The Setting: Earth, present and future.

The Story: Wibbly wobbly, timey wimey… stuff.

The Science:  Time machines and miniature atomic engines. Nope, we don’t have that yet. What this story does nicely is put forth the notion that time travel is complex and has a great many implications that will get even more complicated.

The Reaction: Yes, so my story and science descriptions don’t do a very good job at convincing you to read this, but you probably ought to if you end up with a copy of it. It’s kind of fun, kind of familiar, but also a little… timey wimey.

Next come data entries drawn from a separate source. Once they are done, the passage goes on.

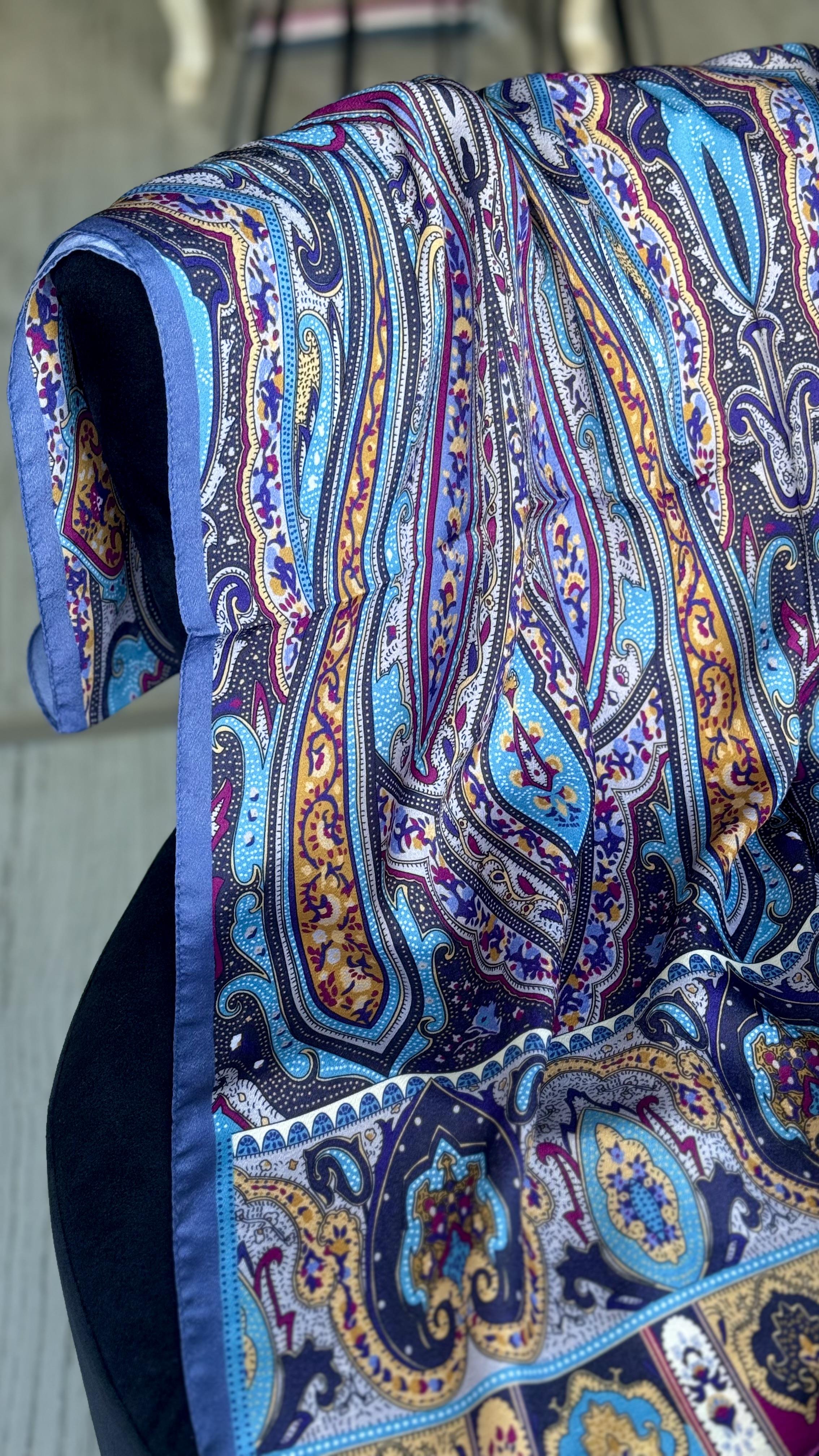 ETNİK İPEK PAMUK MOR / BEBE MAVİ  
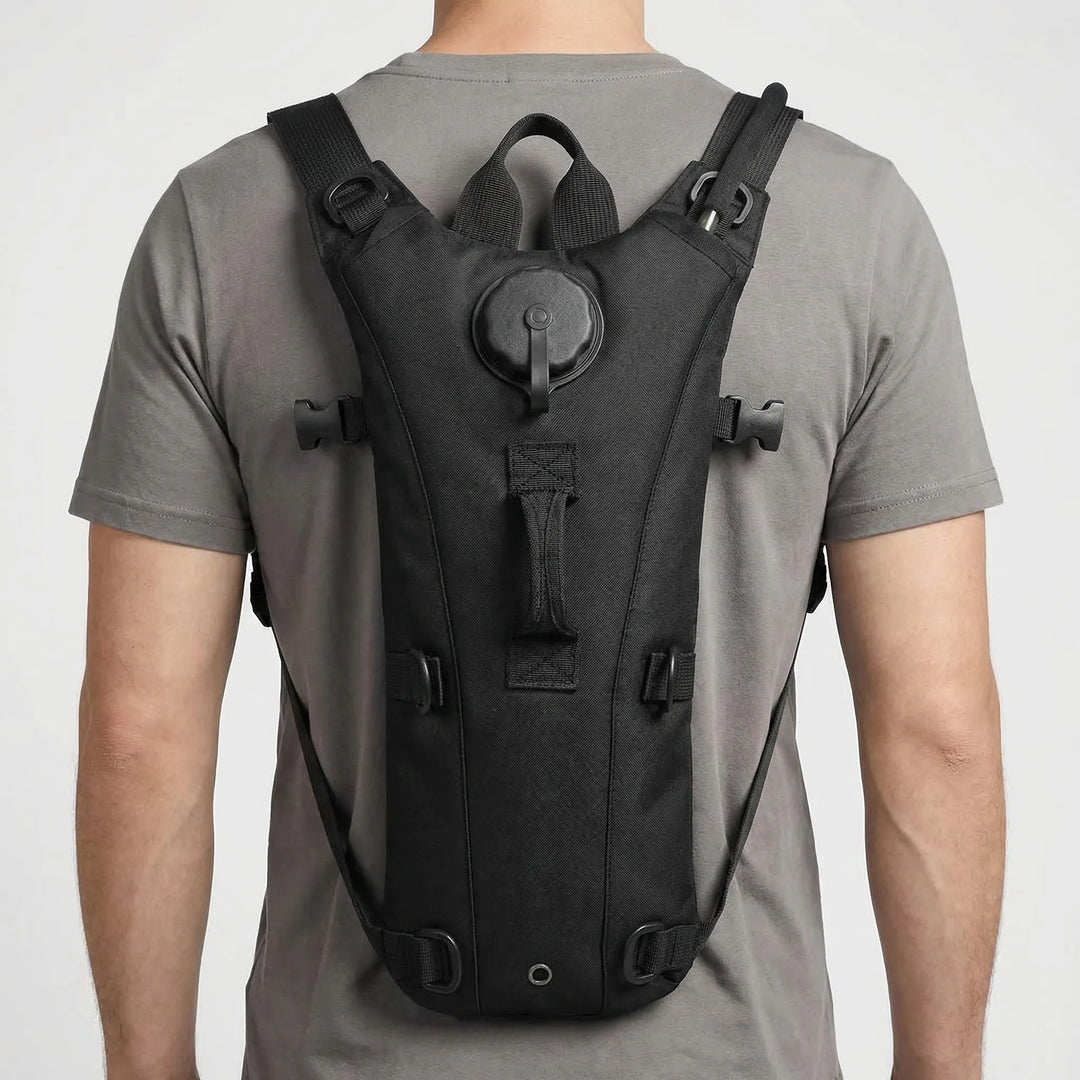 Lightweight unisex outdoor adventure tactical hydration pack with 101 fl oz water bladder.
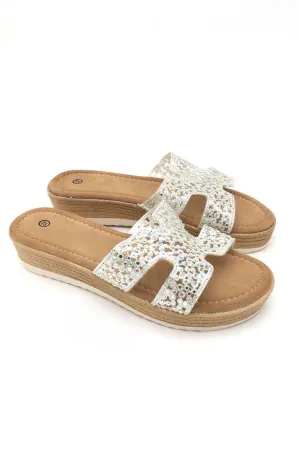 Silver Sparkle Mule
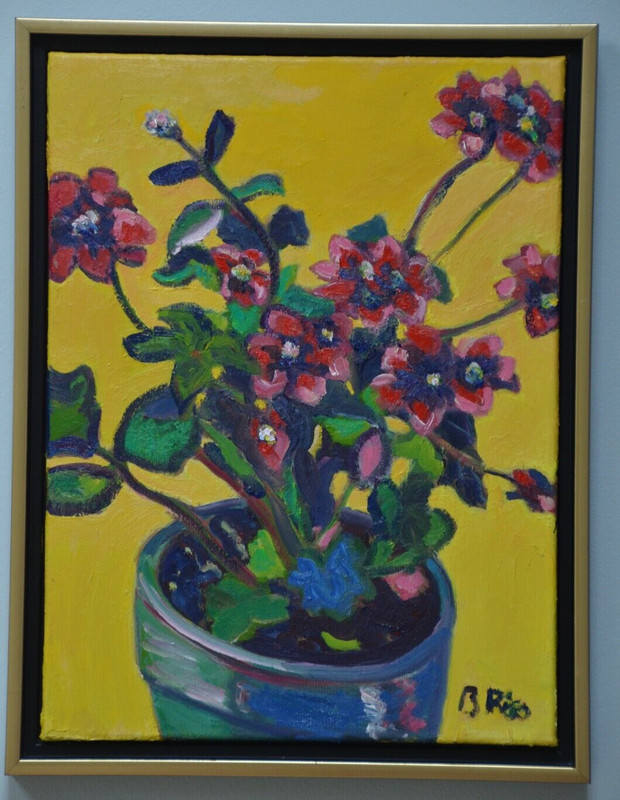 Beth Riso Original Fine Art Oil Painting -Spring Geranium – Nyack -Hudson Valley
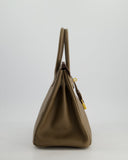 *FIRE PRICE* Hermes Birkin 30 Retourne Bag in Etoupe Epsom Leather with Gold Hardware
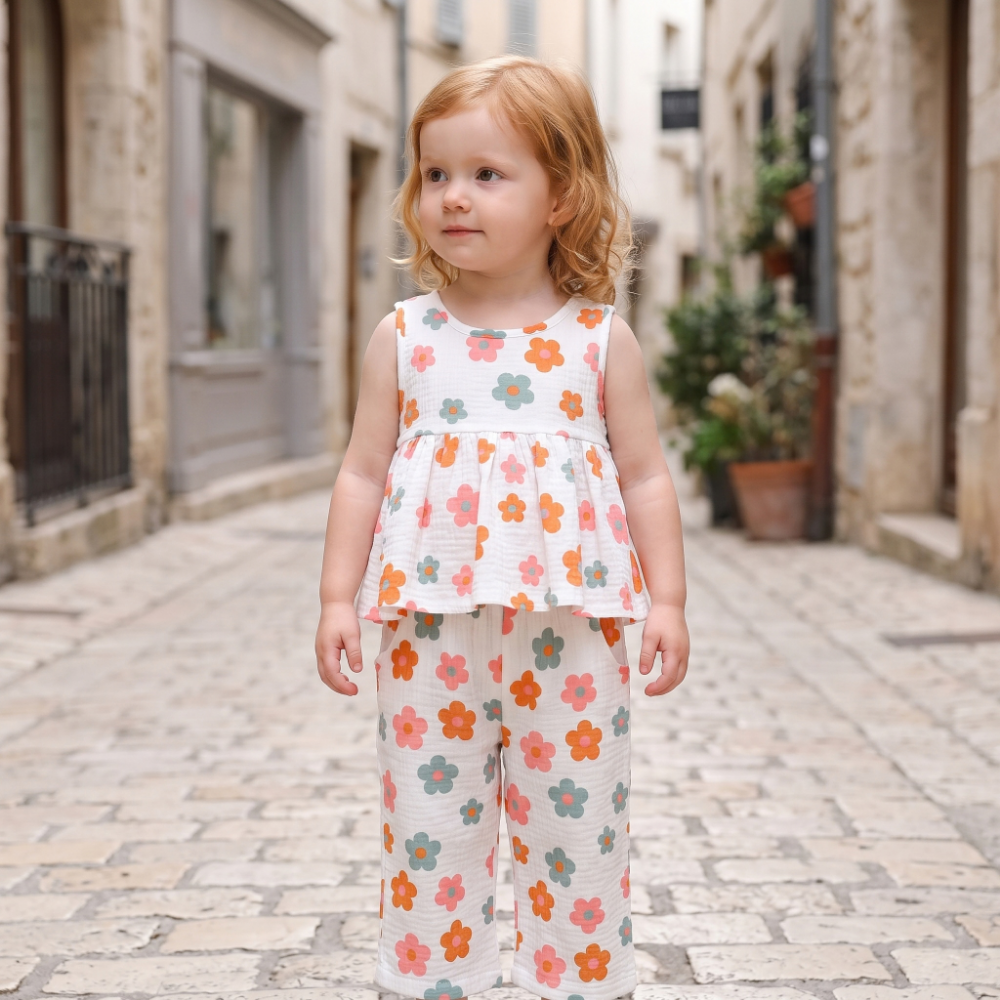 Lilo Floral Tank and Pants Set - White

The Cover:  Same as the last one

Next Up:  The Alien by Raymond F. Jones.


“The Years Draw Nigh” by Lester del Rey

October 16, 2011

The Book:  “The Years Draw Nigh” by Lester del Rey.  Originally published in Astounding Science Fiction in 1951, the edition read was in the anthology Mortals and Monsters published by Ballantine in 1965.

The Setting:  A far future, Mars.

The Story:  The last of a fleet of intergalactic exploration ships returns to home base.

The Science:  This story starts with the idea that the human race has developed a way to rejuvenate itself – no one need grow old. People can live forever returning to youth when old age begins to creep back. The interesting thing about the idea as played here is that people are no longer choosing rejuvenation. The world, apparently, is dying and there’s no hope for anything better. So people are choosing to let their lives end naturally when they could have it otherwise. An interesting take on the eternity machine idea.

The Reaction:  This is a nice story. It worked well, with good characters and ideas. It’s melancholy, even morose, but it’s the right tone. Unfortunately, I’m not sure that the tone should be morose, ultimately. I didn’t follow the leap the story made of 1+1=failure when it seemed to me that 1+1 could= a new hope.

The Cover:  ISFDB says the cover is Richard Powers, and it is even signed on the side, but it doesn’t have that cool feel Powers usually has. It’s got a collage feel and a sort of clockwork robot. This cover means nothing to me.

Next Up: “And It Comes Out Here,” by Lester del Rey


“The Day is Done” by Lester Del Ray

June 19, 2010

The Book: “The Day is Done” by Lester Del Ray.   Story originally published in 1939 by Astounding Science-Fiction.  Read in the anthology Where Do We Go from Here? edited by Isaac Asimov, published by Fawcett Crest in 1972.

The Setting: Prehistoric Earth

The Story: The last Neanderthal feels sad.

The Science: Neanderthals and early humans did probably encounter each other, and no one is quite sure why Neanderthals died out.  This story has a two pronged explanation: Early humans were better hunters and made easy prey difficult to get.  Also, neanderthals got inferiority complexes and didn’t really want to live in a world with a superior species.  I don’t know about that.  Neanderthals were pretty hardy  – I once heard a physical anthropologist suggest that they developed their trademark thick brow ridges because they kept getting hit over the head.  And that there are a large number of neanderthal remains with blunt force trauma to the head to support that.  I’m not going to speculate on why they died out, or even if they did.  But I tend to think it had more to do with climate change or interbreeding than it had to do with depression.

The Reaction: Meh.  It’s fine, but I was a little annoyed that the early humans talk like Shakespeare, except the outcast who has a distinctly lower class way of talking.  It’s certainly a different sort of science fiction than I’ve been reading.  No outer space, no rockets.  Just rocks.

The Cover: A generalized science fiction anthology cover with what may be planets or molecules or whatever.  But mostly, ASIMOV.